During the hearing, Rep. Warren Limmer (R-Maple Grove) questioned the bill's author, Sen. Heather Gustafson, about the proposal.

First, Sen. Limmer brought up concerns for homeowners trying to protect themselves during break-ins.

"There are individuals who feel threatened in their home or neighborhood," argued Limmer. "They may not even sleep well if they have a gun by their side in their own bedroom."

Limmer argued requiring homeowners to lock up their weapons would cause a "delay in reaction" when trying to intervene during a potential home invasion. "Those moments can come at a homeowner very quickly," Limmer explained. "Fumbling around for a lockbox key or anything else, I find this bill cumbersome in the face of defending one's self at home to a deadly threat."

Sen. Gustafson countered, noting her family owns guns and feels safe can be accessed relatively easily.

"We know that this [bill] will save lives," said Sen. Gustafson. "We know that there is a fear of people breaking in. Unless you're sleeping with all your windows open and your door wide open, you'll still have access to that quick second it might take to use a quick-release safe."

Limmer's next concern was farmers.

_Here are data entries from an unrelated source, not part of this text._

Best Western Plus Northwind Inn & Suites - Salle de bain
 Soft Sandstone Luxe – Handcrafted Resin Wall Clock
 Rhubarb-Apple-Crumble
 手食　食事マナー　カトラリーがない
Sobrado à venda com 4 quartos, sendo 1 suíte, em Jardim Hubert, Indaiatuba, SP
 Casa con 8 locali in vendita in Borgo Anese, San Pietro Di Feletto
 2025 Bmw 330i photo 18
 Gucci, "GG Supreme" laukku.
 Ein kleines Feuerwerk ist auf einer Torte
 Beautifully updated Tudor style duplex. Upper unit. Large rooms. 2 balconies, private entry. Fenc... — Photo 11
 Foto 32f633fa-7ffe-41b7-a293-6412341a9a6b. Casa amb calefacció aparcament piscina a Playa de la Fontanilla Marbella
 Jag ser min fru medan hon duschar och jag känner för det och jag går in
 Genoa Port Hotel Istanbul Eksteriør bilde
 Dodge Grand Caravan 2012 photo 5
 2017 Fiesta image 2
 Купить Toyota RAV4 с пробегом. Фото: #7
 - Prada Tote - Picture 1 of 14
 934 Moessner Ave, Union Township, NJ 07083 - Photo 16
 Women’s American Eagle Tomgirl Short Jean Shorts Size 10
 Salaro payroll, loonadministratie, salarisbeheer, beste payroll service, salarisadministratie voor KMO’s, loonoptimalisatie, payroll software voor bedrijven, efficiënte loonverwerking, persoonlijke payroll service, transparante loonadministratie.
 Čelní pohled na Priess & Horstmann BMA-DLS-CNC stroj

It was this unusual argument that raised some eyebrows when a clip from the hearing was posted on Twitter on Monday.

"They not only have to have concerns about predation," explained Limmer. "But they also have concerns about their own domestic farm animals. Farm animals at times can be dangerous. Take for example, a cow that has just recently had a calf. You even walk too close to a cow, and it will take you down and trample you into dust."

"Many farmers have a readily available gun just for those emergencies," Limmer explained. "Fumbling around with a lock while a cow or a bull or any other animal is going after your daughter or your son, you can't fumble around with a key or try and find the lockbox or put your thumb on a biometric key of some sort in your home, while the danger is outside."

Limmer is correct that agriculture is certainly a dangerous job. However, data gathered by the University of Nebraska for its Central States Center for Agricultural Safety and Health – which uses incomplete data pulled from news reports – shows only three trampling deaths between 2012 and 2021 in Minnesota. The incidents include an 85-year-old man trampled by a cow while tagging a calf in 2018, a 41-year-old man trampled near a bull and two cows in 2019, and a 66-year-old man "assaulted" by a cow while trying to deliver a calf in 2020.

The biggest risks for farmers are equipment-related deaths and traffic collisions.